Stored data
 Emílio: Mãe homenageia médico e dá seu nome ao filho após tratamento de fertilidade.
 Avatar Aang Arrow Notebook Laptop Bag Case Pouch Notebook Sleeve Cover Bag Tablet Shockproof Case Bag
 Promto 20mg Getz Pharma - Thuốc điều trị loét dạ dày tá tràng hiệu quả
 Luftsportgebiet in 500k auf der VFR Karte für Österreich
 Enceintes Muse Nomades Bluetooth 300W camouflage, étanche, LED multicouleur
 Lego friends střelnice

--

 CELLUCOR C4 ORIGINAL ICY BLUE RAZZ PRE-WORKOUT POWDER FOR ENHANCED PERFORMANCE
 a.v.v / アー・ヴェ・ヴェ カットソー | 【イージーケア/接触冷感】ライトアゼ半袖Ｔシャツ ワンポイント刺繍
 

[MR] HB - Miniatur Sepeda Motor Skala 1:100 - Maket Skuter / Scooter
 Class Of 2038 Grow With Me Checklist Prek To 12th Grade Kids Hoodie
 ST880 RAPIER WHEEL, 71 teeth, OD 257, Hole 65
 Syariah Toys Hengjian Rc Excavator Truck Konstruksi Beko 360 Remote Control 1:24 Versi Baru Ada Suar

==

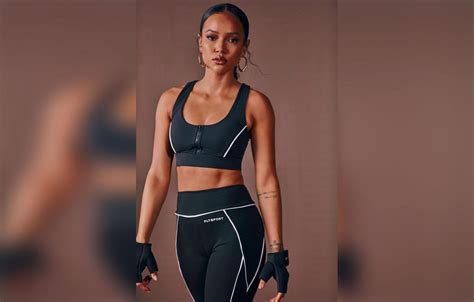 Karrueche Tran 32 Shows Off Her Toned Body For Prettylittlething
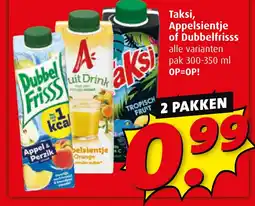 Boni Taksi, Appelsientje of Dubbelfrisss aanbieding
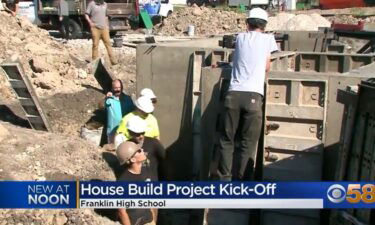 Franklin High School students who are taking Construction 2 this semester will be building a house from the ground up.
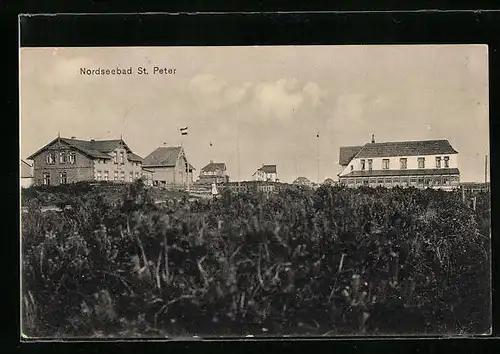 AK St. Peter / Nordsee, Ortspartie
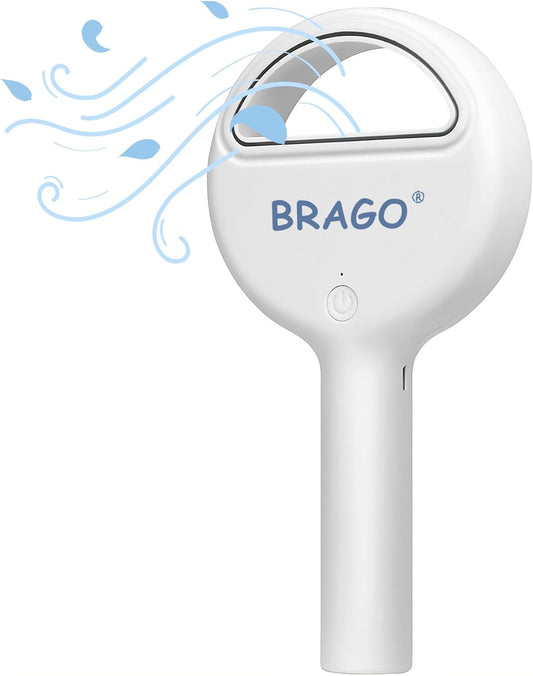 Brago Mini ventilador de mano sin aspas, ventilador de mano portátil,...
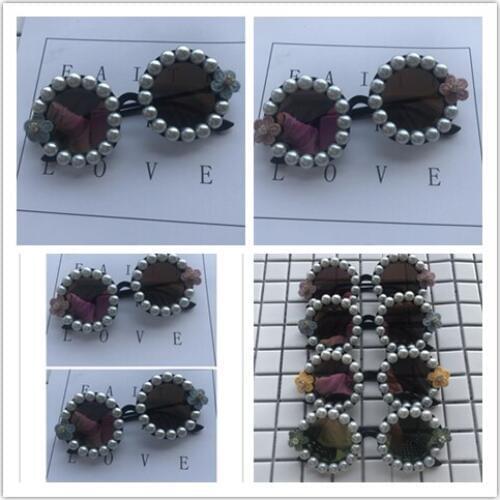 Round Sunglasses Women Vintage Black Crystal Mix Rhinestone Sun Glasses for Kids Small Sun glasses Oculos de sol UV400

### Work item
From the records above, print exactly the lines that run from the line with "Avatar Aang Arrow" to the line with "Lego friends střelnice", inclusive.

### Task result
 Avatar Aang Arrow Notebook Laptop Bag Case Pouch Notebook Sleeve Cover Bag Tablet Shockproof Case Bag
 Promto 20mg Getz Pharma - Thuốc điều trị loét dạ dày tá tràng hiệu quả
 Luftsportgebiet in 500k auf der VFR Karte für Österreich
 Enceintes Muse Nomades Bluetooth 300W camouflage, étanche, LED multicouleur
 Lego friends střelnice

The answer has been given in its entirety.